Chapitre 9.2
Trahison ? Sachant qu'aucun d'entre ne lui avait fait de promesse et qu'elle ne s'était jamais attendue à être traitée comme une invitée, on ne pouvait pas affirmer qu'elle se sentait trahie.
Aller ma vieille, souviens-toi de ton objectif, ne le perd pas de vue. Abandonnée des Idoles, ces dernières souhaitaient seulement sa mort pour une raison qui n'avait pas la moindre importance. Alors dans l'immédiat, sa liste de choses à faire était très modeste. En premier, s'enfuir. Et personne ne souhaitait lui ouvrir la porte de ce château pour la laisser partir. Donc, une fois en cavale, elle devrait faire un saut à l'abbaye en ruine, et ainsi retrouver le village breton qu'elle avait quitté malgré elle pour se retrouver... quelque part. Elle ne savait même pas où elle se trouvait ! Ce QG pouvait bien être à côté des ruines que dans un autre pays. Ou bien dans le Téras lui-même ! Non, pas dans le Téras. Il leur faudrait un pass pour pouvoir aller de la terre des Hommes au Téras sans problème. Et ces pass sont trop rares pour que ces guignoles en aient un.
Pour l'instant, un obstacle de taille se dressait entre elle et son avenir : des chaines.
Vêtue seulement de ses sous-vêtements, enchainée sur une chaise, elle n'avait pourtant pas à se plaindre. Tant qu'on ne la laissait pas seule avec Ghofrane. Si cela arrivait, là oui, elle s'inquièterait. Les autres la torturaient, mais la goule la tuerait pour remplir sa mission au
Léonis s'épongea le front, visiblement épuisée. Le sang tachait tout ce qui était tachable. Les peaux, les vêtements, le sol, le mur... Tout.
— Bordel, elle ne craque vraiment pas cette saleté de sangsue.
Peter poussa un soupir ennuyé. Lui aussi avait été attaché, non pas pour être torturé comme Jehanne, mais parce qu'il avait voulu l'aider.
— Si vous m'aviez écouté, ça vous aurait épargné des heures inutiles de torture.
— Elle n'est pas insensible, se défendit Léonis, vexée de ne pas avoir encore tiré la moindre information de sa part. Elle crie.
— Jehanne, commença Peter sur un ton las. Je sais que tu crèves d'envie de te foutre de nous alors parles, ne te gêne pas.

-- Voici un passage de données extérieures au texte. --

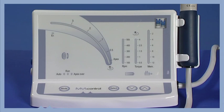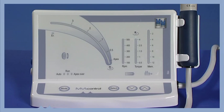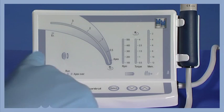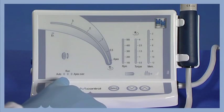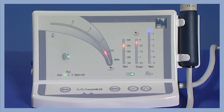MMControl, the new endomotor with torque and speed control and integrated apex locator by Micromega, is the indispensable tool for endodontic treatments ensuring safe and simple root canal shaping. To start, simply press any key on the device's front panel.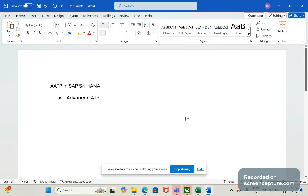Hello friends, welcome to my channel. Today we will look at AATP in SAP S/4HANA, where AATP stands for Advanced ATP. Before SAP S/4HANA was introduced, ATP functionality was available in various SAP products. Typically in SAP ERP, it is called traditional ATP check.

Et après deux heures de silence à seulement crier et supplier, Jehanne éclata de rire, véritablement amusé.
— Mordiable, c'est pourtant évident que je simule. Ou alors, je suis devenue une bonne actrice ? Vous êtes vraiment trop mignons avec vos instruments, je n'osais pas vous vexer en vous pointant du doigt les défauts dans vos techniques d'interrogatoires. Oh, et merci pour le roich, j'en avais réellement besoin.
Ces idiots lui en avaient filé en pensant qu'elle deviendrait plus docile.
Peter fut détaché. Se massant les poignets, il s'approcha de Jehanne, arrêté par Salathiel à partir d'une certaine distance.
— Il y a quelques mois, Jehanne a échoué lors d'une mission.
Il n'y eut que Salathiel pour comprendre ce que cela signifiait apparemment.
— Les Idoles l'ont enfermé dans leur prison.
— Et donc ? questionna Léonis.
— Petite hybride naïve, cela signifie que les Idoles m'ont fait en quelques secondes ce que tu n'es pas parvenue à réaliser en deux heures.
— Les prisons des Idoles sont un lieu dans lequel la Mort ne peut pas entrer, reprit Peter sur un ton plus poétique. Leurs prisonniers y souffrent continuellement, et les Idoles sont très créatives.
Cette fois-ci, chacun comprit très clairement ce que cela impliquait.
— Pourquoi torturer leur meilleure arme ? s'étonna Léonis.
— Demandons son avis à Ghofrane, proposa Nethanel.
L'homme entra dans la pièce avec Ghofrane, confortablement attachée sur une chaise roulante. Son regard furieux se posa sur Jehanne qui éclata de nouveau de rire.
— Putain Ghofrane, t'es-tu faite prendre ? Toi qui avais l'air si sûre de toi.
Léonis paru aussi surprise que Peter.
— Ghofrane sert d'espionne et d'exécutrice aux Idoles.
— Ghofrane ? Mais tu nous as rejoints pour venger ton fiancé.
La pauvre Léonis paraissait totalement dépassée par la situation.
— Il n'est pas mort, répondit Jehanne. Je l'ai expédié aux Idoles par le passé.
— Espèce de salope ! Je vais te tuer ! hurla Ghofrane en cherchant à lui sauter dessus. Et vous !
Elle se tourna vers le reste des rebelles.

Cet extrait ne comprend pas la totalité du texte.